Since his breakthrough in 2005 in his feature writing/directing debut The 40-Year-Old Virgin, Apatow has been celebrated for creating a new heartfelt brand of sex comedy, mixing raunchy but rarely over-the-top humor with sincere and heartfelt storytelling and likable characters. He is credited for restoring faith in the R-rated comedy and pushing it away from both its fratty Vince Vaughn-plus-a-Wilson-brother trend and from the direction the increasingly cynical one-upsmanship of the gross-out sex comedy (e.g., the latter American Pie films). He also changed the face of the movie star, replacing the traditional attractive photogenie associated with the leading men of romantic comedies with the aforementioned schlubs, and audiences seemed to take a liking to seeing rather normal-looking dudes like Seth Rogen and Jason Segel becoming the silver screen’s new leading men and movie stars.
Through his role as producer, Apatow shepherded similarly plotted films, thus creating (intentionally or not) the Apatow brand of comedy, giving audiences the false impression that he has held the director’s chair for far more films than he actually has, and this brand has permeated to such an extent that this particular comedic aesthetic (and its handful of repeated actors usually involved) has come to be associated with films that he had no involvement in whatsoever (e.g., I Love You, Man).
Along the way, however, the Apatow brand has received criticism for appropriating the schlub-dating-out-of-his-league device as unrealistic wish fulfillment rather than a sincere and even cute approach to a new type of resonating romantic comedy. This criticism has most often occurred regarding the representation of female characters in his films, most famously with Katherine Heigl’s notorious criticism of Knocked Up as sexist (Apatow himself takes a winking stab at these criticism’s when Leslie Mann’s character, a former actress, tells Seth Rogen’s Ira that she “usually got cast as the bitch”).
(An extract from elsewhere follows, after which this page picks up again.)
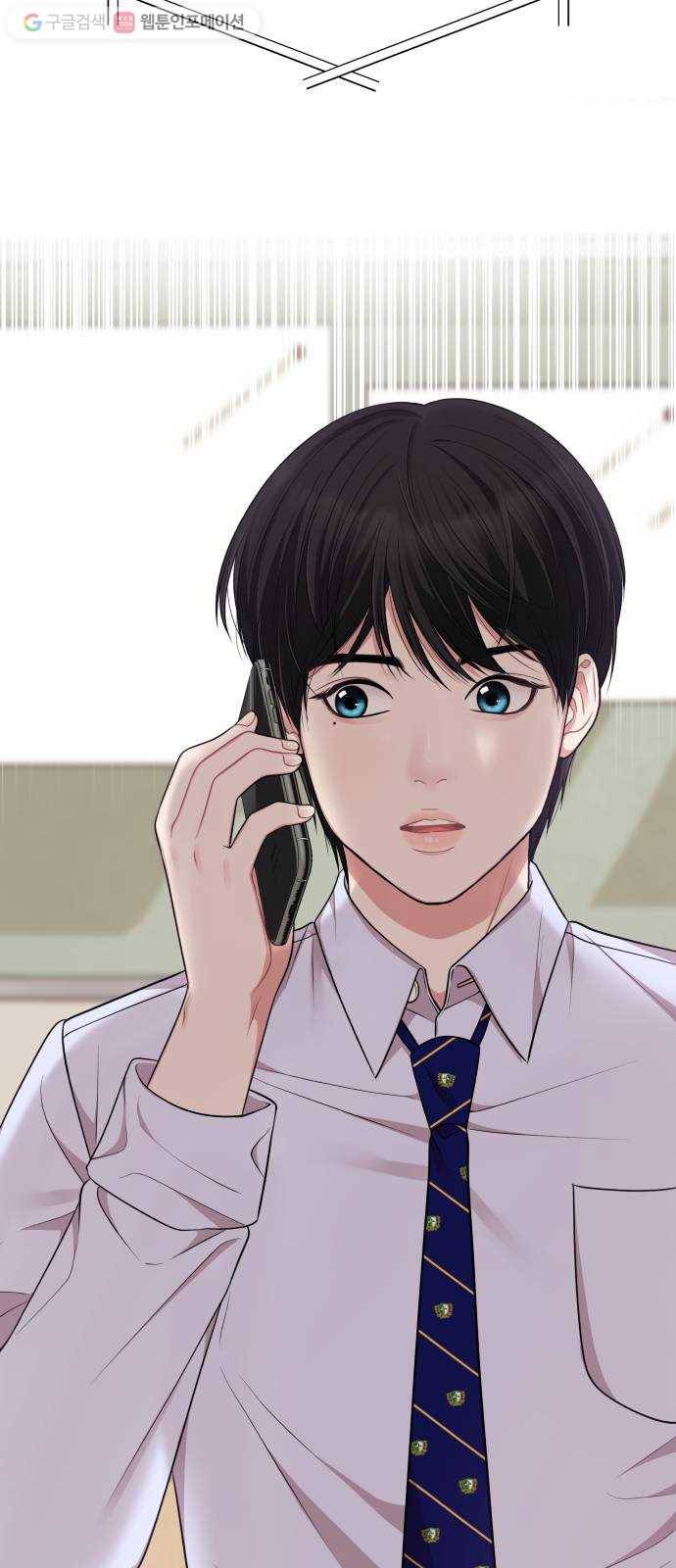 별을 삼킨 너에게 24화 65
With Funny People, Apatow avoids these criticisms altogether by finally making a movie that doesn’t conform itself to this repeated, and even exhausted, narrative approach, instead choosing to give a rare backstage look into the nature of comedy and what it is like to be a funny person. Of course, all his previous films have concerned protagonists attempting to overcome various inceptions of stunted adolescence, but Apatow takes this conceit to its most confrontational extreme thus far with his character George Simmons (Adam Sandler), a multimillionaire movie star who once had a knack for comedy but now has lost his love for it after years of carbon-copied dumb comedies, a love that he rekindles when jumping back into standup with Ira’s significantly younger community of comedians.
As Cole adeptly pointed out in his review, Simmons has obvious parallels with Sandler’s own career doing silly, dumb comedies that seem less and less funny with each go ‘round, and while Sandler seems bored with movies like I Now Pronounce You Chuck and Larry and Don’t Mess with the Zohan (which makes his turn in Funny People a relieving departure, showing range as an actor unexplored since Punch-Drunk Love (2002) and reminding us all why we thought he was funny in the first place), he probably doesn’t possess the existential angst Simmons does.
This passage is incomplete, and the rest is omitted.